«Неужели свершилось лучшее, что могло быть?»
«Прожито» устраивает в честь запуска 24 апреля читку дневников советских людей накануне Великой Отечественной войны. Поучаствовать в акции может любой, кто придет в вечером библиотеку имени Некрасова. МОСЛЕНТА публикует выдержки.
Александр Ромм, поэт, переводчик:
1 сентября 1939
Война! Неужели свершилось лучшее, что могло быть? Неужели они уже передрались между собой, так и не успев напасть на нас, - а мы стоим в стороне и все крепнем, и ждем своего часа!
Или — через 3 дня поляки капитулируют, и опять начнется мелкая мировая мышиная игра на выдержку?
Но — в том и другом случае — какая великолепная, какая полная проверка всей нашей политики с самого начала — и как блестяще она оправдалась!
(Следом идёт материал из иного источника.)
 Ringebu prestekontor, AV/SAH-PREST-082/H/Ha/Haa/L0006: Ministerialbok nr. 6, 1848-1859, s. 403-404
Мы — победители во всяком случае. Мы — единственная в Европе держава, которая никого не боится (немцы боятся нас). И это — держава социализма.
Может быть, через год мы прибавимся на пол Европы.
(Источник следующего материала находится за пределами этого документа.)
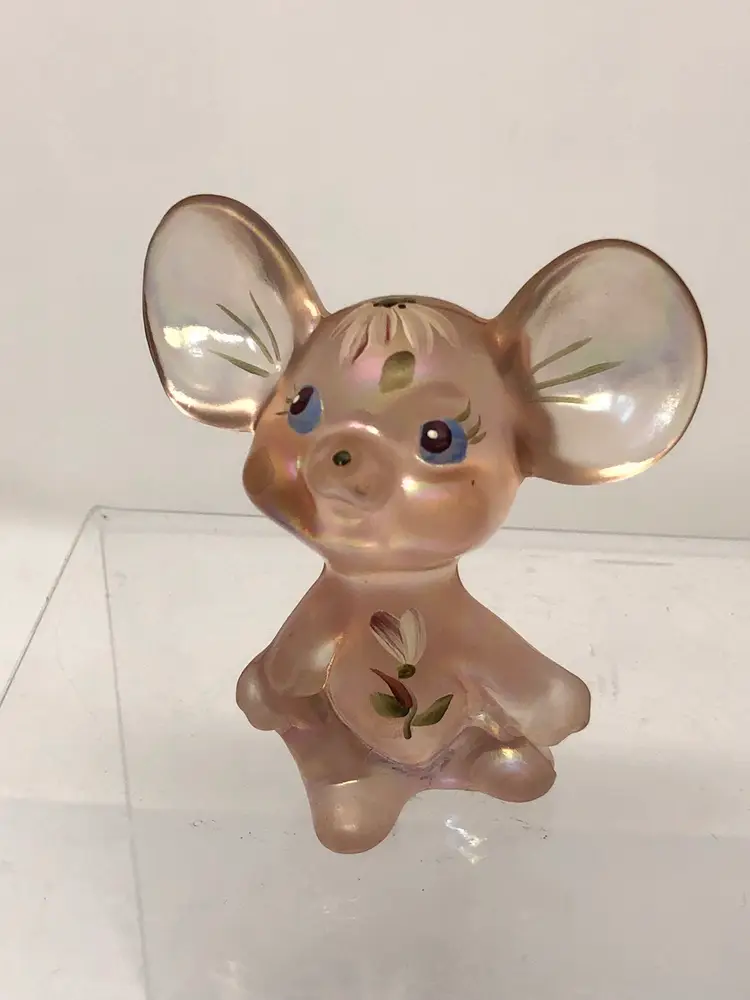 Fenton Pink Iridescent Mouse Hand Painted by Marilyn Wagner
Может быть, через 3 — на всю. Да здравствует мировой Октябрь!
Зоя Хабарова, школьница:
20 декабря 1939
Сегодня папа разбудил меня в 5 часов. Велел идти в очередь за хлебом. Я ему сказала, что тебе ведь принесут, если ты скажешь. А он все равно погнал меня, сказал, что надо приучаться к трудностям и самостоятельности, а не надеяться на папу и маму. Где-то идет война с какими-то финнами, а в Ялте очереди за хлебом.
В Севастополе было затемнение, мы ходили в школу с противогазами. Из школы я шла в темноте, а фонари были синие. Здесь нет затемнения, на улицах белые фонари. В школу ходим без противогазов. Простояла за хлебом 2 часа, принесла 1 буханку.
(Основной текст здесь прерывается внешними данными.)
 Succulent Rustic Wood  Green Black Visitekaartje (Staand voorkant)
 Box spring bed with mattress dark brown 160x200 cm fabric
И еще пропал Васька сразу, как мы приехали. Мама говорит, что коты любят не хозяев, а свой дом. Вот он и пошел искать свой дом. Я тоже, как Васька, хочу в свой дом.
Сергей Вавилов, физик, академик:
21 ноября 1940
По радио «Валькирия». Многозначительная, серьезная, задумчивая музыка. Минутами серьезно веришь в Брунгильд, Зигмундов, но туман быстро разлетается, и остаешься прежней чуркой. Людей боюсь, а без людей не могу… Заметил несколько раз: во сне вспоминается то, что видел во сне. В бодром состоянии это не вспоминалось. Странная двойная жизнь. Две памяти. В эти месяцы, небывало тяжелые и жуткие, начал толстеть, «поправляться», вероятно, потому, что бросил курить, не курю с прошлого года, когда сестра отвезла в больницу.
Александр Гладков, драматург:
22 июня 1941
Война началась!.. Только что позвонил Вовка Лабода и сказал, что сейчас Молотов объявил по радио о нападении на нас Германии. Трудно сразу собрать мысли и понять, то может и должно произойти в ближайшие дни… Взглянул на часы: 12 ч. 35 м.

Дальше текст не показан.